Menurut Hedy (1990), katalis adalah zat yang mempercepat reaksi dengan energi aktivasi tanpa mengubah hasil akhir (produk). Enzim tidak ikut serta dalam pengubahan suatu zat (reaksi), tetapi zat tersebut sibuat berulang kali untuk mempercepat reaksi. Enzim adalah katalis protein yang dihasilkan oleh sel. Zat tersebut mengatur kecepatan dan kekhususan ribuan reaksi kimia yang berlangsung di dalam sel.
Enzim bekerja pada perangkat substrat (reaktan) dan mengubahnya menjadi suatu perangkat hasil (produk). Daerah pada enzim yang mengikat suatu substrat adalah sisi aktif (tempat aktif). Tingkat kekhhususan yang tinggi memungkinkan sel mengendalikan reaksi-reaksi metabolisme dengan mengatur bentuk dan jumlah enzim yang dihasilkan (Hedy, 1990).
Enzim (eksoenzim) yang berperan dalam merubah karbohidrat komplek adalah karbohidrase, amilase, selulase. Pati merupakan substansi yang terlebih dahulu harus diubah menjadi molekul lebih sederhana agar dapat diserap oleh sel. Mikroorganisme memproduksi enzim untuk memecah substansi di dalam sel, salah satunya adalah amilase (Mahbub, 2011).

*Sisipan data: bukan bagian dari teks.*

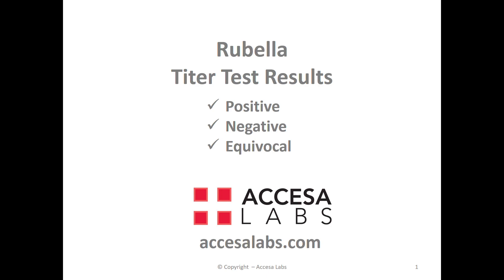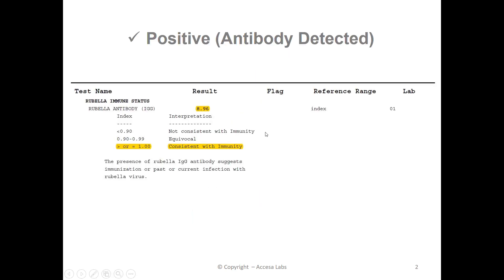Most schools and workplaces want to see a quantitative or numerical result, which can be found under the result header on the sample report. You can find the numerical result here. This sample report has a result of 8.96. Based on Quest Diagnostics Result Index shown here, any result greater than or equal to 1 is consistent with immunity. Therefore, this sample report represents a positive result.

Amilase sendiri merupakan enzim yang paling penting dan keberadaanya paling besar, pada bidang bioteknologi, enzim ini diperjual belikan sebanyak 25% dari total enzim yang lainya. Amilase didapatkan dari berbagai macam sumber, seperti tanaman, hewan dan mikroorganisme (Mahbub, 2011).

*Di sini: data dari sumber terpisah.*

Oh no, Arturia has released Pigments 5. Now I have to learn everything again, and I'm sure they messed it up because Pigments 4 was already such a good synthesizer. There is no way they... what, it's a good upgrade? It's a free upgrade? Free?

Dan untuk lebih mengetahui dan memahami kerja suatu enzim amilase, maka percobaan ini dilakukan.

I.2        Tujuan percobaan
Tujuan diadakannya percobaan ini adalah untuk melihat pengaruh pemberian enzim amilase terhadap larutan pati yang terdapat dalam kentang Solanum tuberosum.

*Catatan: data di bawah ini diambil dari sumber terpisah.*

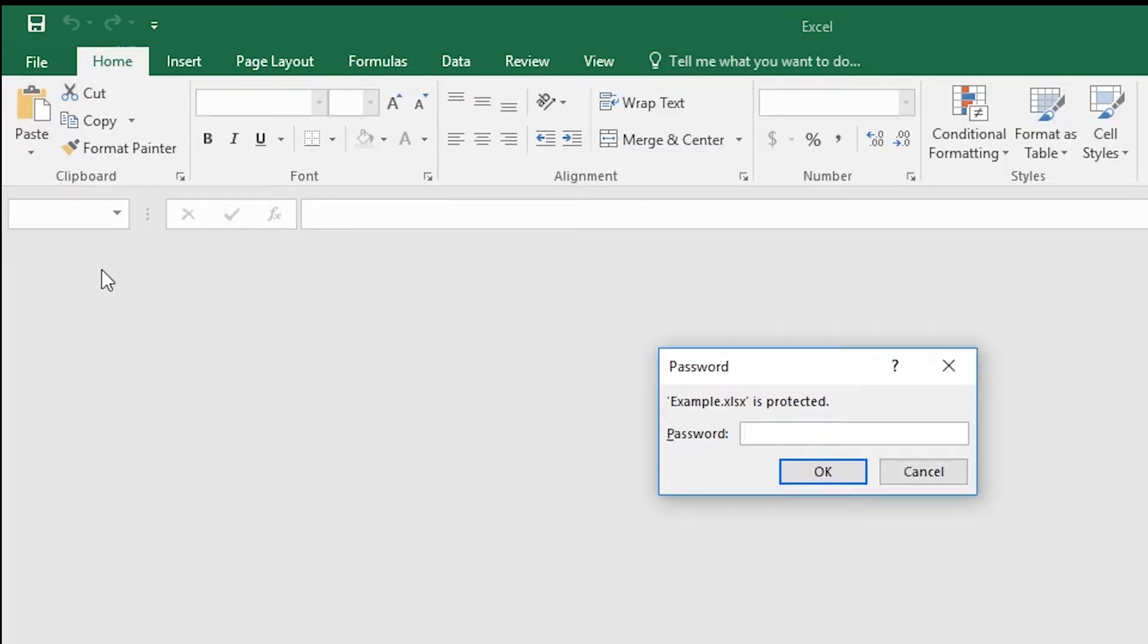And now you must enter the right password and press OK.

I.3        Waktu dan Tempat Percobaan
Percobaan ini dilaksanakan pada hari Selasa, tanggal 20 November 2012, pukul 14.00 - 17.00 WITA di Laboratorium Botani Jurusan Biologi, Fakultas Matematika dan Ilmu Pengetahuan Alam Universitas Hasanuddin Makassar.




BAB II
TINJAUAN PUSTAKA

Air liur atau saliva sebagian besar diproduksi oleh tiga kelenjar utama yakni kelenjar parotis, kelenjar sublingual dan kelenjar submandibula. Volume air liur yang diproduksi bervariasi yaitu 0,5 – 1,5 liter setiap hari tergantung pada tingkat perangsangannya. Mengutip Guyton & Hall dalam Textbook of Medical Physiology, air liur atau saliva mengandung dua tipe pengeluaran atau sekresi cairan yang utama yakni sekresi serus yang mengandung ptyalin (suatu alfa amylase) yang merupakan enzim untuk mencernakan karbohidrat dan sekresi mucus yang mengandung musin untuk tujuan pelumasan atau perlindungan permukaan yang sebagian besar dihasilkan oleh kelenjar parotis. Cairan tipe mucus itu disekresikan atau dikeluarkan setiap detik sepanjang waktu kecuali saat tidur yang produksinya lebih sedikit (Poedjiati, 1994).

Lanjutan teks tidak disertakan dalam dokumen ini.